Data Bias and Machine Learning

I have often heard people say, “the data speaks for itself.” This sentiment is not only naive, it is also very dangerous — especially in a world of big data and machine learning. All data is seen through a lens, and the conclusions drawn from the data will change with the perspective of the interpreter.

Data Bias and Machine Learning

Listen to our podcast episode on Data Bias

Data Bias Dilbert

Data Bias Dilbert

I have often heard people say, “the data speaks for itself.” This sentiment is not only naive, it is also very dangerous — especially in a world of big data and machine learning. All data is seen through a lens, and the conclusions drawn from the data will change with the perspective of the interpreter.

We know that if we give an article to one of our right-leaning friends they could give us a much different interpretation than if we gave the same article to one of our left-leaning friends. The lens that they use to make meaning of the article determines the conclusions they will draw from it. This is no different when raw data is algorithmically interpreted.

When we talk about data science, there can be many types of biases. Most data scientists have some sort of statistics background, so they will think of statistical biases. Those types of biases are well understood and can be controlled for.

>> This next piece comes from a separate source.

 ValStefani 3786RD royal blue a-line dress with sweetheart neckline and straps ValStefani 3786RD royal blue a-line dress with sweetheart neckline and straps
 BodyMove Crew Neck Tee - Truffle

However, those techniques really only control for biases which could be contained within the data itself, not within the analytical structure around the data.

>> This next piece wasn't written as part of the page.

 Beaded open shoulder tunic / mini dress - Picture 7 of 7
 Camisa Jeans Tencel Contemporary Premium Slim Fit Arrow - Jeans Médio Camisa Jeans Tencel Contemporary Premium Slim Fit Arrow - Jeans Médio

Biased Machine Learning Software

A fairly well-known example of potentially biased analytical software is the software which Florida uses to assign risk values to criminals. Independent analysis suggested that all other things being equal, black defendants were 77 percent more likely to be marked as high risk. The founder of the software admitted that it is difficult to create a risk score that does not correlate with race in some way; controlling for race reduces the accuracy of the model, which could suggest that there are fundamental problems with the underlying framework.

Those are the more pernicious types of biases, the biases in the framework which will make meaning from the data. As the use of algorithms spreads, the risks created by these implicit biases increases.

Who is liable when the model breaks down due to unknown biases?

Most companies selling algorithmic software do not reveal the internal workings of their algorithms. This seems to make sense, the exact mechanisms their software uses is probably a large part of their intellectual property.

Furthermore, with the rise of neural networks, these companies may not even understand how their software comes to the conclusions that it makes. If they do not know how their software makes decisions, it is unlikely that they will understand what types of biases it may have.

Machine Learning IP

Realistically, companies can release either their data or their algorithms with little loss of intellectual property. What is valuable is the combination and the process which feeds the data into the algorithms.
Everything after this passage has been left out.